The output radial efficiency (technical efficiency) of DMU \(({X_o},{Y_o})\) measured with respect to the selected subset of outputs \({\mathrm{O}'}\) is defined as the inverse of the optimal value of the following program (in its statement, for consistency of notation maintained throughout this paper, we change variable \(\psi \) to \(\eta \)):

$$\begin{aligned} \begin{aligned}&{\tilde{\eta }} = \max \ \eta \\&\text {subject to } \left( {{X_o},{Y_o}(\eta )} \right) \in T_{\mathrm{VRS}}^{\mathrm{R}}, \ \eta \ge 0. \end{aligned} \end{aligned}$$
(5)

Assessing the efficiency of DMU \((X_o,Y_o)\) by program (5) is straightforward. This requires replacing the DMU (XY) in conditions (2) by DMU \(\left( {{X_o},{Y_o}(\eta )} \right) \), and maximizing \(\eta \) subject to the resulting conditions (Olesen et al. 2015, 2017).

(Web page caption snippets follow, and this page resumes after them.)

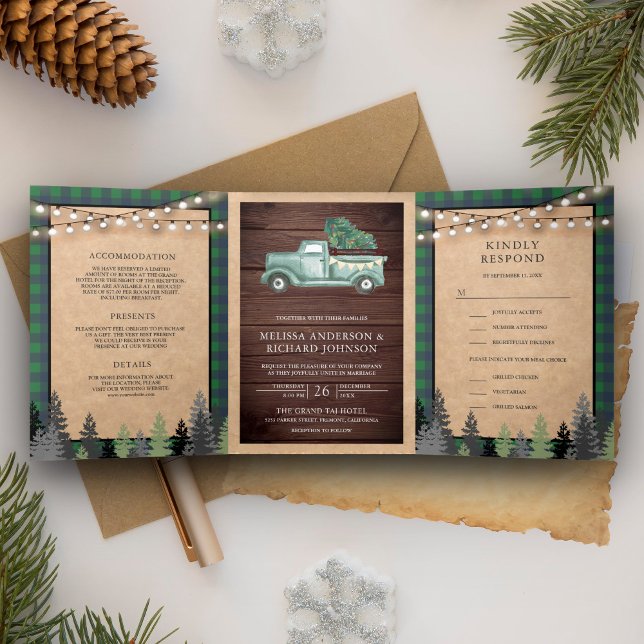 Rustic Kraft Vintag Green Christmas Dreifach Gefaltete Einladung (Von Creator hochgeladen)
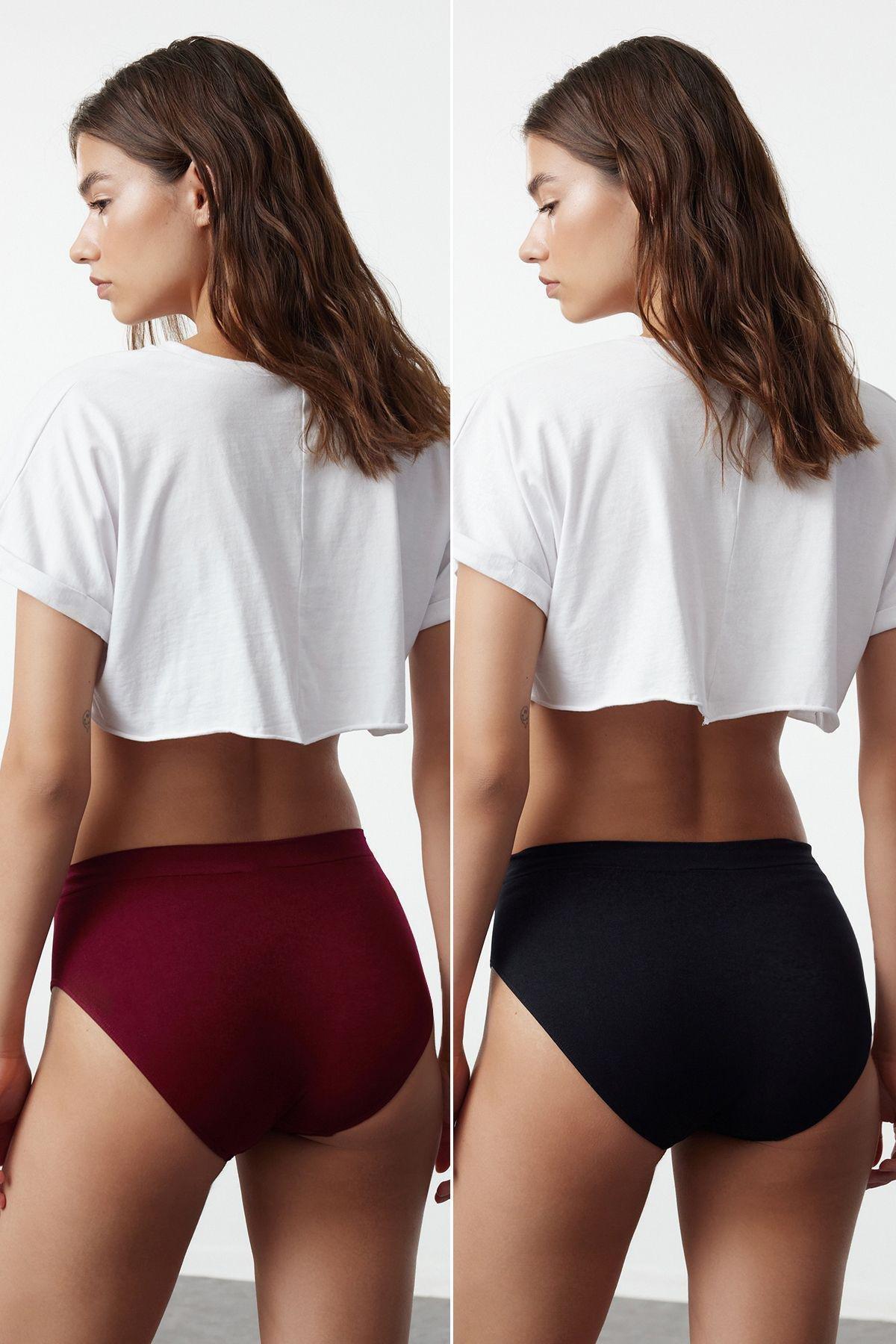 Black-Red Seamless Hipster Panties,set of 2, C101_6460, large image number 1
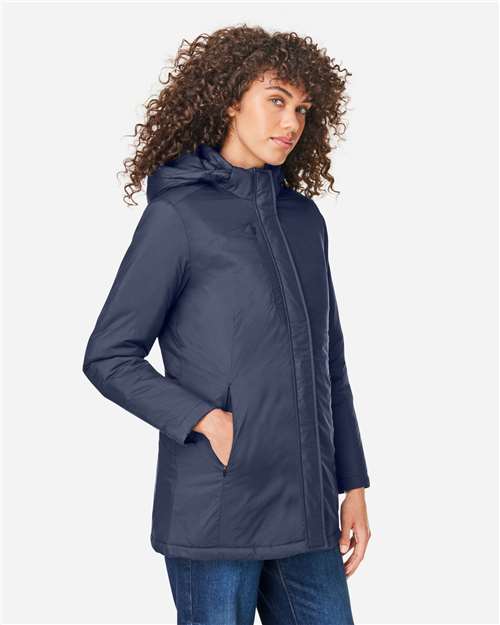 Core 365 CE725W Women's Inspire 3-in-1 Jacket with Insulated Liner - Classic Navy/ True Royal - model side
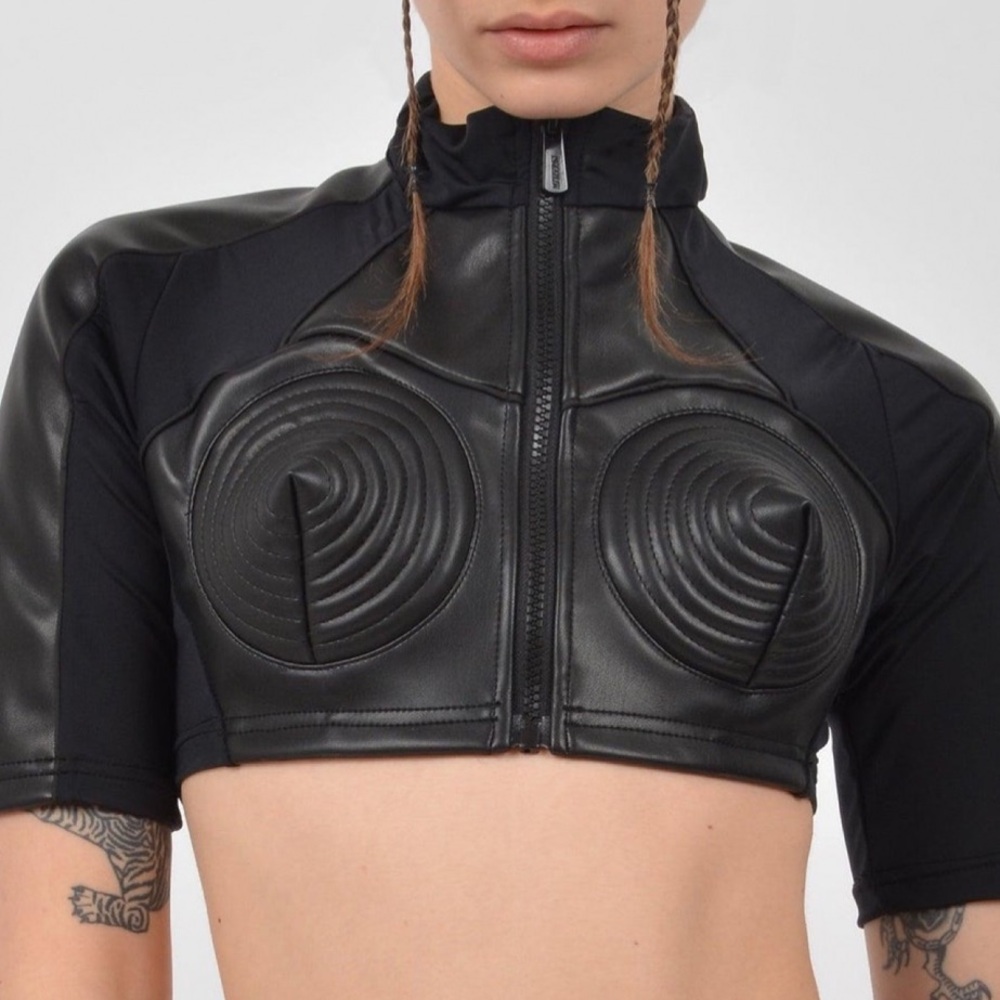 NAMILIA Black Cropped Jacket Top Size XS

4.2 The partial cone extension of the R-VRS technology

In this section we consider the partial cone extension of technology \(T_{\mathrm{VRS}}^{\mathrm{R}}\) defined with respect to the selected input and output sets \({\mathrm{I}'}\) and \({\mathrm{O}'}\). This cone extension is useful in exploring the notions of MPSS and scale efficiency in \(T_{\mathrm{VRS}}^{\mathrm{R}}\) undertaken in subsequent sections.

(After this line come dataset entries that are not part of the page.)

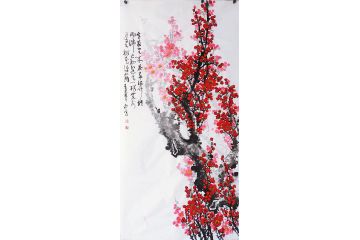 潜力画家邱冰冰国画红梅图《一树梅花一晓风》
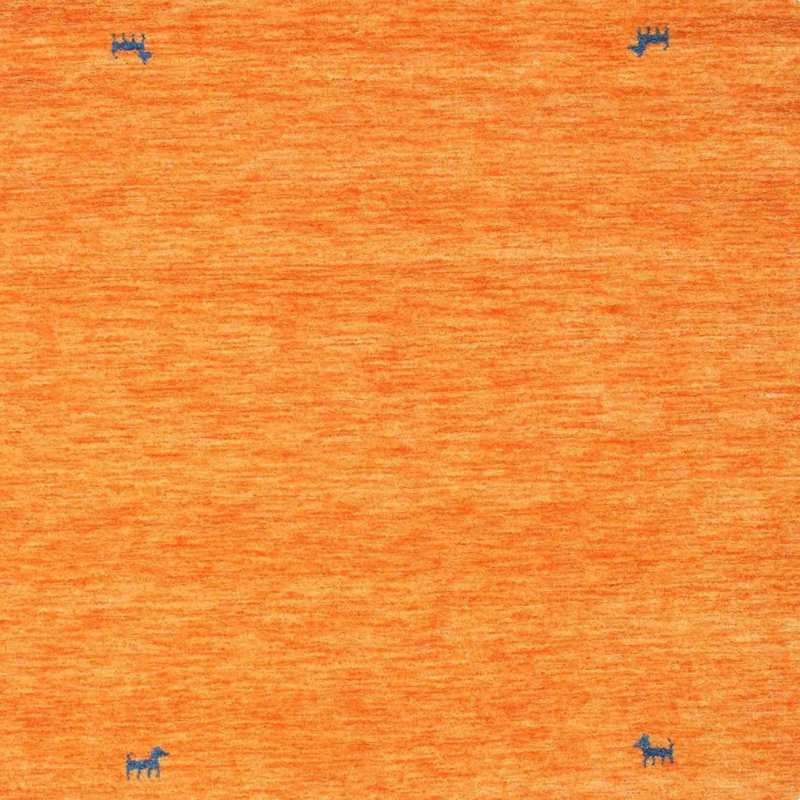 Tapis de zone orange contemporaine, Carré 3 pi
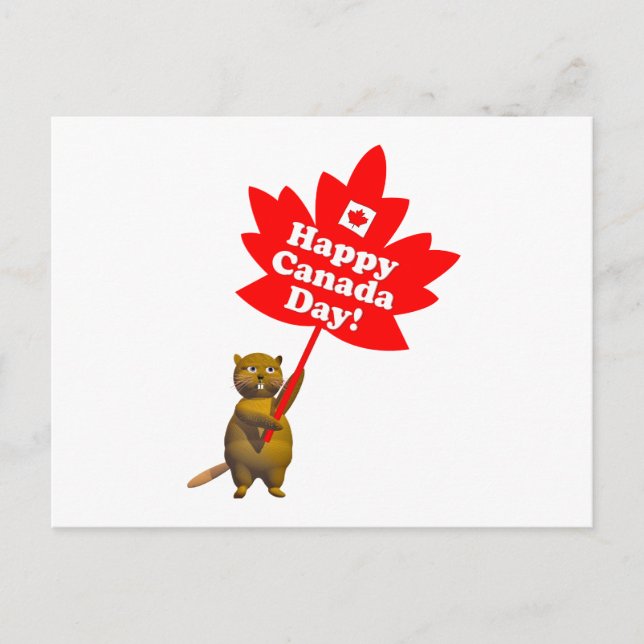 Canada Day Beaver and Maple Leaf Postcard (Front)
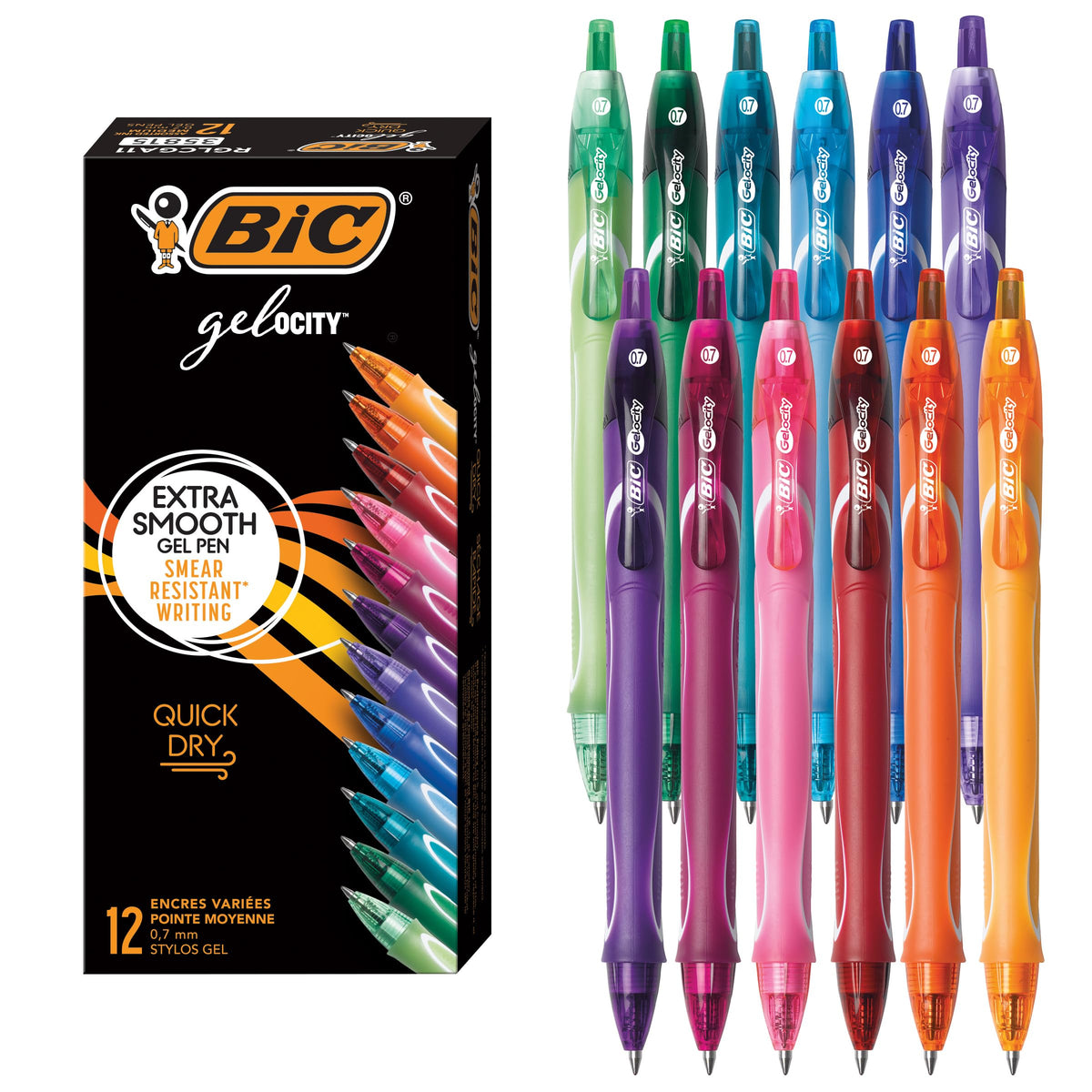BIC Gelocity Quick Dry Assorted Colors Gel Pens, 12-Count Pack, 0.7 mm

Define the partial cone extension \({C}(\mathrm{I}',\mathrm{O}')\) of technology \(T_{\mathrm{VRS}}^{\mathrm{R}}\) as follows:

$$\begin{aligned} {C}(\mathrm{I}',\mathrm{O}') = \left\{ (X,Y) \in {\mathbb {R}}^{m+s} \mid \exists ({{\tilde{X}}}, {{\tilde{Y}}}) \in T_{\mathrm{VRS}}^{\mathrm{R}}, \alpha \ge 0: (X,Y)= ({{\tilde{X}}} (\alpha ), {{\tilde{Y}}} (\alpha )) \right\} , \end{aligned}$$
(6)

where the DMU \(({{\tilde{X}}} (\alpha ), {{\tilde{Y}}} (\alpha ))\) is as defined by (4) with \(\varphi =\psi =\alpha \). The cone \({C}(\mathrm{I}',\mathrm{O}')\) includes all partially scaled DMUs \(( X(\alpha ), Y(\alpha ))\) obtained from all DMUs \((X,Y) \in T_{\mathrm{VRS}}^{\mathrm{R}} \), for all \(\alpha \ge 0\). If \(\mathrm{I}'= \mathrm{I}\) and \(\mathrm{O}'= \mathrm{O}\), the cone \({C}(\mathrm{I}',\mathrm{O}') = {C}(\mathrm{I},\mathrm{O})\) is the full cone extension of technology \(T_{\mathrm{VRS}}^{\mathrm{R}}\).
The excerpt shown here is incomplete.